[Dataset entries Boundary: Start]

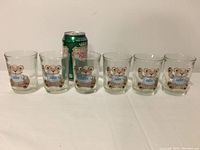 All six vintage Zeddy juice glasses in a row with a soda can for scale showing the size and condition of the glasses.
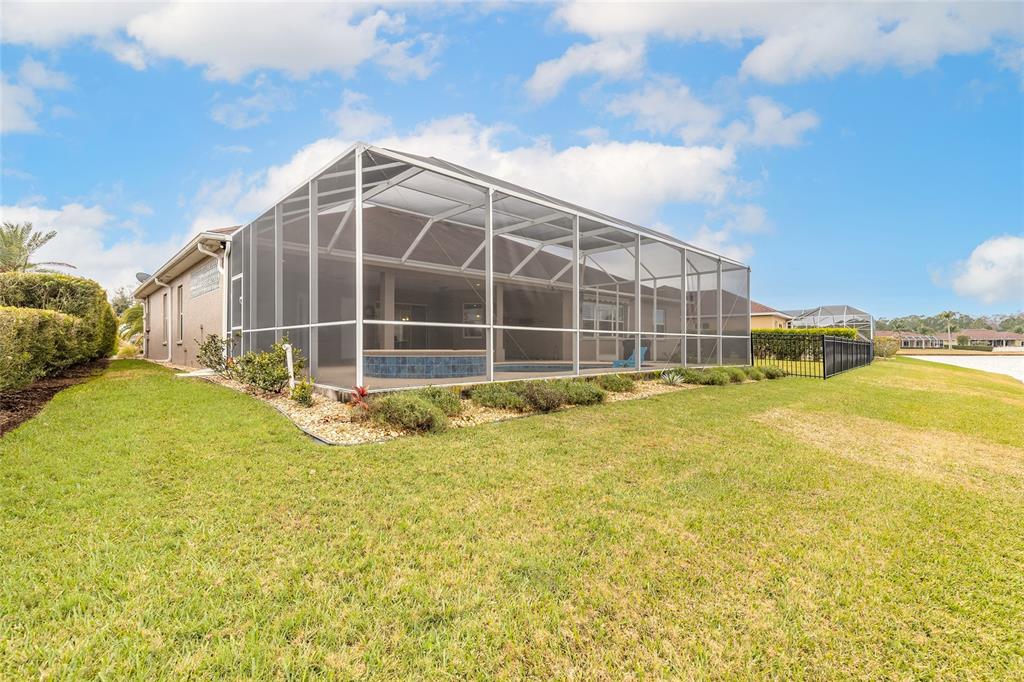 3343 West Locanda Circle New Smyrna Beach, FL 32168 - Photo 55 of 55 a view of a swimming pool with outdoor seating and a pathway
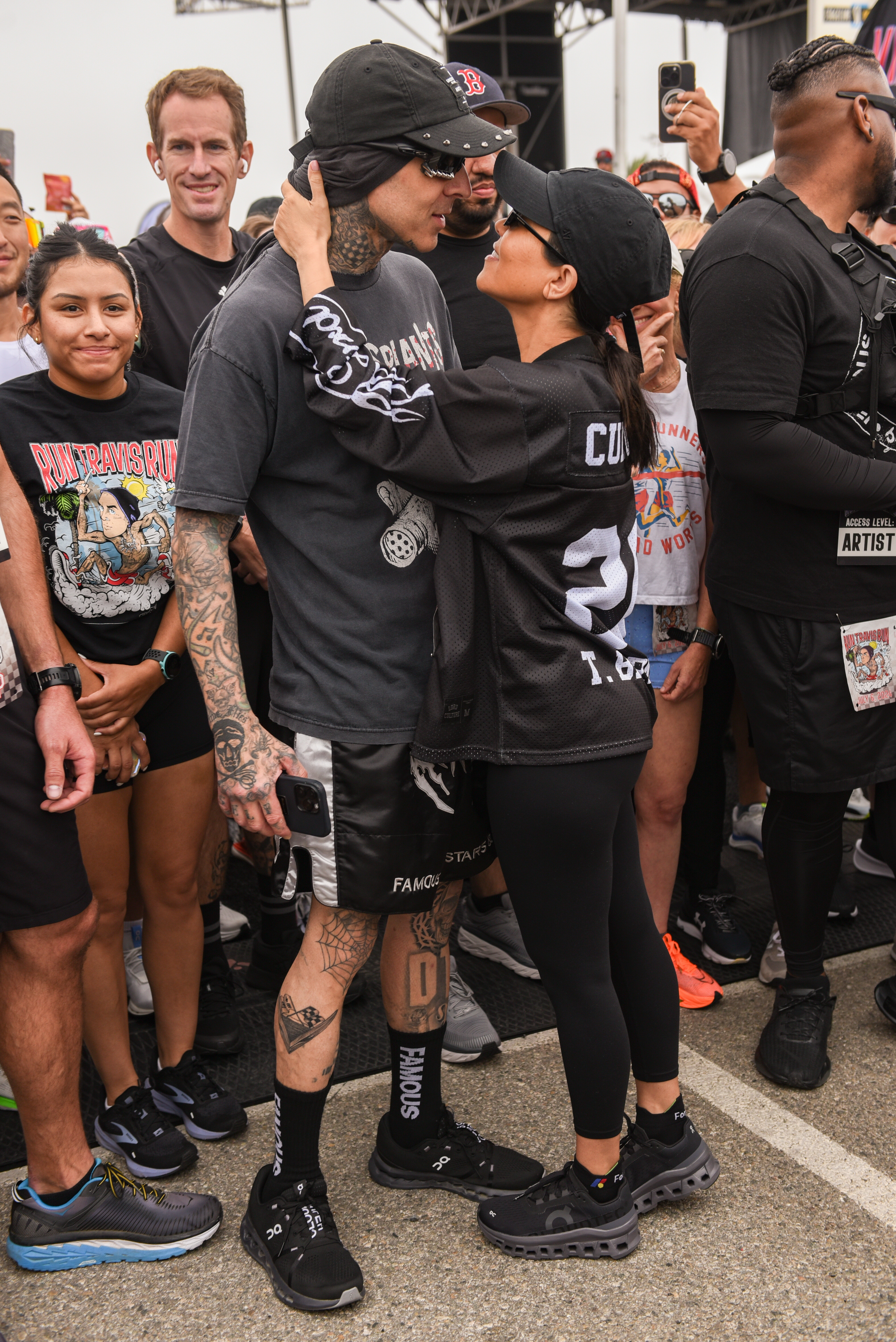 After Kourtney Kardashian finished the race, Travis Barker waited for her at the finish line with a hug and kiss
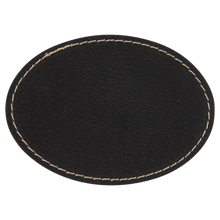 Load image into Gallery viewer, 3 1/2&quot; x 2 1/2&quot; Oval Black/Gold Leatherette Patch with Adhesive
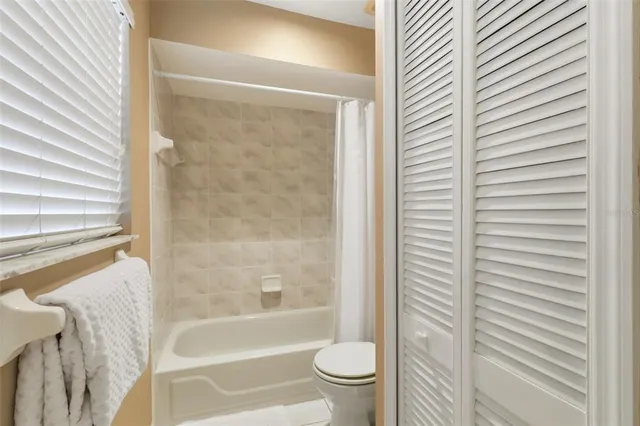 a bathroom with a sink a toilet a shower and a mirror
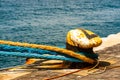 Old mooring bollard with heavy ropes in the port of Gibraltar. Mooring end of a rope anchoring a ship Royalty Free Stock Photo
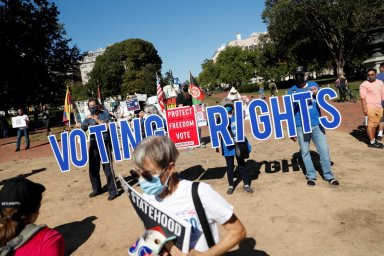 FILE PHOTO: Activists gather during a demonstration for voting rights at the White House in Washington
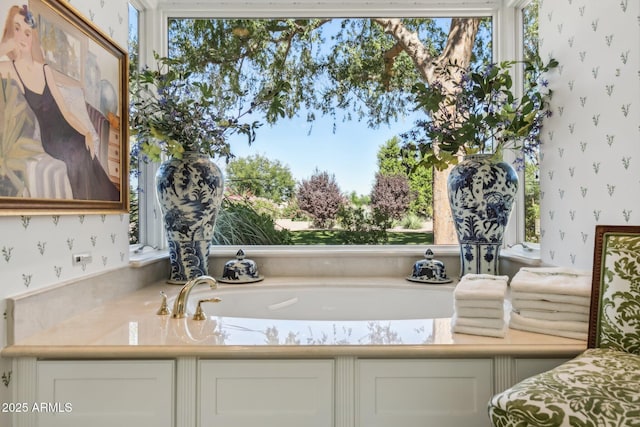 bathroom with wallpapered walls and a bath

[Dataset entries Boundary: End]

## [About this task]
Could you please write out the entries exactly as they are, with every picture left out?

## [Task solution]
 All six vintage Zeddy juice glasses in a row with a soda can for scale showing the size and condition of the glasses.
 3343 West Locanda Circle New Smyrna Beach, FL 32168 - Photo 55 of 55 a view of a swimming pool with outdoor seating and a pathway
 After Kourtney Kardashian finished the race, Travis Barker waited for her at the finish line with a hug and kiss
 Load image into Gallery viewer, 3 1/2&quot; x 2 1/2&quot; Oval Black/Gold Leatherette Patch with Adhesive
 a bathroom with a sink a toilet a shower and a mirror
 Old mooring bollard with heavy ropes in the port of Gibraltar. Mooring end of a rope anchoring a ship Royalty Free Stock Photo
 FILE PHOTO: Activists gather during a demonstration for voting rights at the White House in Washington
 bathroom with wallpapered walls and a bath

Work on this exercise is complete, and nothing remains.